If God is going to be noticed in our slapdash,
sceptical world, a manifestation of transcendent creativity
is required. We paid attention when statues of the Hindu
elephant God Ganesh began to drink milk. We confessed ourselves
baffled when oil dripped from the paintings and icons of
the devout Santo family in Massachusetts, where their teenage
daughter Audrey has lain in a coma for 15 years.
And now, despite our sophisticated cynicism,
we are forced to listen when a carp - destined to be gefilte
fish - starts shouting prophecies of doom.
Zalmen Rosen is a 57-year-old father of 11,
one of 7,000 Chassidim of the Skver sect in New Square,
about an hour north of Manhattan. He is a fish-cutter at
New Square Fish Market, and on January 28 Zalmen was startled
to hear his co-worker, a born-again Christian named Luis
Nivelo, start screaming, ''It's the devil! The devil is
here!''
Zalmen ran to the front of the store, to find
Luis hunched against the wall in terror, clutching the rubber
mallet he used for clubbing fish as he pulled them from
the ice barrel. On the slab lay a 20lb carp. It was not
dead. It was shouting. In Hebrew.
Zalmen later told the New York Times: ''The
fish said 'Tzaruch shemirah' and 'Hasof bah', which essentially
means that everyone needs to account for themselves because
the end is near.''
Zalmen said he tried to kill the fish, but
in his lather of fear his knife slipped and he sliced his
own hand. The fish flopped back into the ice barrel.
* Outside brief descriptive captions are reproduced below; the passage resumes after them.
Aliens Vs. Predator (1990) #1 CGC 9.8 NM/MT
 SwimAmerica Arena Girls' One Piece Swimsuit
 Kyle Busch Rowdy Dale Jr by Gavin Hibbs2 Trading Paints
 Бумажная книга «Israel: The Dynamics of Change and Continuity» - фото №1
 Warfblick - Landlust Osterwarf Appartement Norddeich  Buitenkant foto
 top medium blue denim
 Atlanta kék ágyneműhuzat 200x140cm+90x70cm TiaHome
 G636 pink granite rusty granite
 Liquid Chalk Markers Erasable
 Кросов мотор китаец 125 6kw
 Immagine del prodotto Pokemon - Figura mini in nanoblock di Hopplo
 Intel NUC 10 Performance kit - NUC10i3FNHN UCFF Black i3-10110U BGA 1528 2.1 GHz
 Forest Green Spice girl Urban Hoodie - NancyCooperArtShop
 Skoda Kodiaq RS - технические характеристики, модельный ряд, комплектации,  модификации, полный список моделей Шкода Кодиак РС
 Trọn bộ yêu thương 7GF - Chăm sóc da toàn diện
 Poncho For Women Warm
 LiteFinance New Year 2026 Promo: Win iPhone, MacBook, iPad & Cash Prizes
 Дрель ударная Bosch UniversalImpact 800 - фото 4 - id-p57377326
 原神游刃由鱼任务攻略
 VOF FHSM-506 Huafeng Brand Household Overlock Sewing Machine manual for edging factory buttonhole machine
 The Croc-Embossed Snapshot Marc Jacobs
When Luis returned to work, after seeing Zalmen
into an ambulance with his hand bandaged, the fish was silent.
Luis gutted it.
Zalmen told others in the Chassidic community
of the miracle. He said the fish had identified itself as
the reincarnation of a New Square man who had recently died,
and that it warned him to pray, study the Torah and ready
himself for the end.
He soon regretted mentioning it. Word of the
phenomenon spread outside the tight-knit community, reaching
journalists who reacted as they always do to true proofs
of God's real presence: they laughed and they mocked, but
they couldn't ignore the tale.
By the time Corey Kilgannon of the New York
Times had contacted the fish market, Zalmen was heartily
sick of the whole episode.
''Enough already about the fish,'' he complained
last week. ''I wish I never said anything about it. I'm
getting so many calls every day, I've stopped answering.''
Luis is just as reluctant to discuss it. He
doesn't believe in reincarnation, and fears the carp was
literally the devil.
''I don't believe any of this Jewish stuff.
But I heard that fish talk. It's just a big headache for
me. I pull my phone out of the wall at night. I don't sleep
and I've lost weight.''
Rabbi C Meyer of the New Square Beth Din of
Kashrus is dismissive: ''Listen to what I'm telling you.
Only children take this seriously. This is like a UFO story.
I don't care if it is the talk of the town.''
But I take it seriously. I can even tell you
of a similar story: three years ago, a Tel Aviv friend sent
me photos of a koi carp with verses from the Torah inscribed
on its scales. I was mystified - why would anyone want to
use a fish as a sefer? My friend insisted no one had been
writing on the fish . . . the letters had appeared naturally,
a discolouration on one side which no amount of trickery
could imitate.
This fish was luckier - it was not ground
up for gefilte and, as far as I know, it is still swimming
happily in its owner's koi pond. It made a good life choice,
for a carp: many koi are pampered pets, living a life every
bit as luxurious as a lapdog's.
We have all heard of things equally as strange
- the Koran verses that appear when a pomegranite is sliced
open, the damp patch on the wall of a church which makes
an unmistakable portrait of Jesus, the bagel that tumbles
from the oven in the rotund form of a Buddha.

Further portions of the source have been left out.